Implement a g-share branch predictor
Add a g-share branch predictor in the FE stage.
When a processor
fetches a conditional branch instruction (cf_type must be CF_CBR), it
accesses the branch predictor. All other branch types, we assume that they
are correctly predicted. There are no pipeline bubbles for other
branches.
If a branch is mispredicted, the processor should not fetch
instructions from the correct path. i.e., the processor should not
call the get_op function. Instead, it should stall the pipeline until
the branch instruction is resolved. After the branch is resolved in the EX stage, in the following cycle the correct PC address is forwarded to the PC
latch.

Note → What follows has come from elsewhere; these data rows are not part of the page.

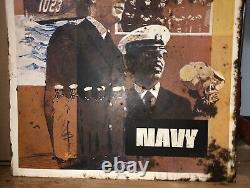 Vintage VIETNAM ERA METAL US NAVY Recruiting DOUBLE Sided SIGN 1966 LARGE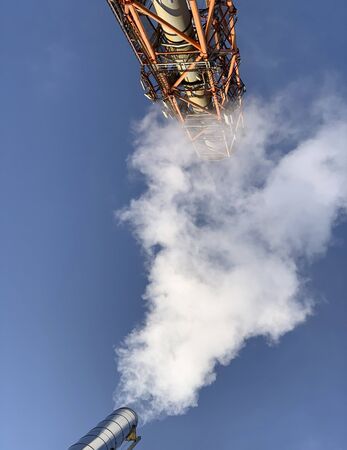 View on industrial chimney from bottom in Poland.の写真素材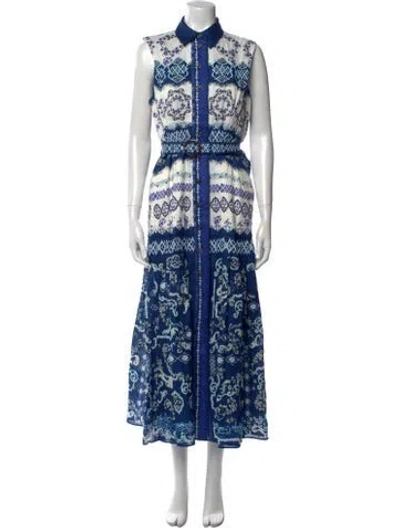 Pre-owned Saloni Linen Long Dress In Blue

From the next cycle the processor can start to fetch
instructions from the correct path. Note that in real hardware, the
processor will keep fetching wrong-path instructions until a branch is
resolved.
Once a misprediction is discovered, the processor flushes
the pipeline and starts to fetch instructions from the correct
path. Since we are building a trace-driven simulator, we cannot send
wrong-path instructions into the pipeline. That's why we are stalling
the FE stage to model the time delay between a branch prediction and
branch resolution.
To simplify the problem, after a branch is
predicted in the FE stage, you also update the branch predictor including BHR with the
correct value at the same cycle. In real hardware, the branch
predictor is speculatively updated with predicted values. When a
branch misprediction is detected, the BHR value is recovered. However,
since we do not fetch wrong-path instructions, this step is
unnecessary. The 2bit counters in the PHT table are initialized with
"10b (2)", weekly taken.
In the op field, actually_taken field provides the correct branch prediction. So you can check whether a branch prediction is correct or not by comparing actually_taken value.

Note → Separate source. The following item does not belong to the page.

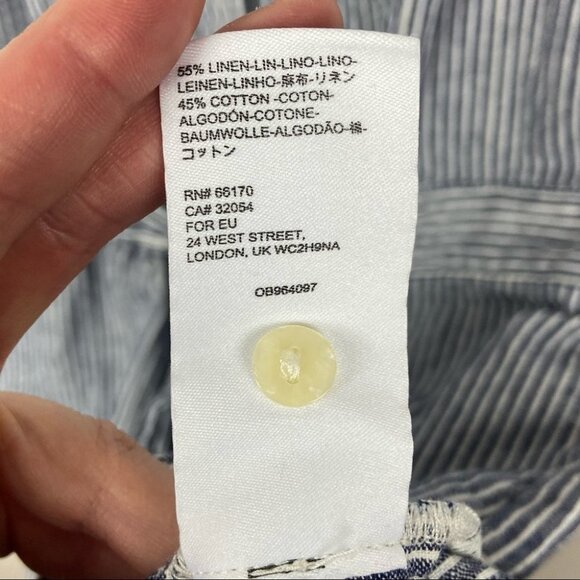 Anthropologie Linen Blue Striped Romper Tie Waist Size‎ 0 Bohemian Playsuit Boho - Picture 9 of 10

Note that, in a real hardware, when a branch misprediction is
detected, the processor cannot start to rename until all correct path
instructions are retired. Again, to simplify the simulator, the
processor starts to resume as soon as the correct-path PC value is
available.
Implement a deeper pipeline processor
Now, you convert your 5-stage pipeline into a much deeper pipeline machine.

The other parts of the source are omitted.